The second equation in \eqref{eq:ODEs} completely specifies $B$. With some rewriting, we have $\frac{\partial B}{\partial t}-\kappa B = e^{\kappa t} \frac{\partial}{\partial t}\left[e^{-\kappa t} B \right]= -1$. Integrating over $[t,T]$ gives $$ e^{-\kappa T} B(T,T) - e^{-\kappa t} B(t,T)= - \int_t^T e^{-\kappa s} ds. $$ Together with the boundary condition $B(T,T)=0$ we conclude that $B(t,T) = \int_t^T e^{-\kappa(s-t)}ds = \frac{1}{\kappa}\left[ 1 - e^{-\kappa (T-t)} \right] = \Lambda(T-t)$. Having found the explicit solution for $B(t,T)$, we can complete the derivations by $$ \begin{aligned} &A(t,T) = -\big[A(T,T)-A(t,T)\big] =\int_t^T -\frac{\partial A}{\partial s} ds \\ &= \int_t^T \Big[ \kappa \theta B(s,T) - \frac{\sigma^2}{2} \big[B(s,T)\big]^2 \Big]ds \\ &= \theta \left[(T-t) - \int_t^T e^{-\kappa (T-s)} ds \right] - \tfrac{\sigma^2}{2\kappa^2} \int_t^T \big[1 -2 e^{-\kappa(T-s)}+e^{-2\kappa(T-s)} \big]ds , \\ &= \theta \Big[(T-t) - \Lambda(T-t) \Big] - \tfrac{\sigma^2}{2\kappa^2}\left[ (T-t) -2 \Lambda(T-t) + \frac{1}{2} \Lambda\big( 2(T-t)\big) \right] \\ &= \left( \theta - \tfrac{\sigma^2}{2\kappa^2} \right) (T-t) +\left( \tfrac{\sigma^2}{\kappa^2} - \theta\right) \Lambda(T-t) - \tfrac{\sigma^2}{4 \kappa^2}\Lambda\big( 2(T-t)\big), \end{aligned} $$ where we used $\int_t^T e^{-\kappa (T-s)} ds = \tfrac{1}{\kappa}\left[ 1 - e^{-\kappa (T-t)} \right] = \Lambda(T-t)$ and $\int_t^T e^{-2\kappa(T-s)}ds= \frac{1}{2} \Lambda \big( 2(T-t)\big)$. The overall expression for $P(t,T) = F(t,r(t);T)$ coincides with the result from the previous section.

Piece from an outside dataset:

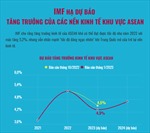 IMF hạ dự báo tăng trưởng của các nền kinh tế khu vực ASEAN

Verification by Monte Carlo simulation

If we like to avoid extensive algebraic computations, then we can opt for a simulation approach. That is, we approximate the expectation in \eqref{eq:zerocouponbond} by Monte Carlo simulation. Our example is $P(0,T)=\mathbb{E}_{\mathbb{Q}}\big[e^{-\int_0^T r(s) ds} \big]$. The steps are as follows:

1. Partition the interval $[0,T]$ in $n$ intervals of equal length. For $j=0,1,\ldots,n$, the implied grid points are $t_j = j\tfrac{T}{n}$.
2. Start from $r(0)=r(t_0)=r_0$ and use the AR(1) recursion with stepsize $h=\frac{T}{n}$ to simulate $N_{sim}$ sample paths of the Vasiček model. We use $r^{(i)}(t_j)$ to denote the realised value of the $i^{\text{th}}$ path at grid point $t_j$.
3. Approximate $P(0,T)$ by \begin{equation} \frac{1}{N_{sim}} \sum_{i=1}^{N_{sim}} e^{-h \sum_{j=1}^n r^{(i)}(t_j)} . \label{eq:approx} \tag{8} \end{equation}

The computation of \eqref{eq:approx} requires choices for $n$ and $N_{sim}$. We like both these quantities to be large. A large number of simulated paths is needed because the expectation in $\mathbb{E}{\mathbb{Q}} \big[e^{-\int_0^T r(s) ds} \big]$ is being replaced by a sample average across the simulated paths. The large value for $n$ should ensure that the integral $\int_0^T r(s) ds$ is sufficiently well approximated by the Riemann sum $\sum{j=1}^n r^{(i)}(t_j)\big[ t_j - t_{j-1} \big] = h \sum_{j=1}^n r^{(i)}(t_j)$.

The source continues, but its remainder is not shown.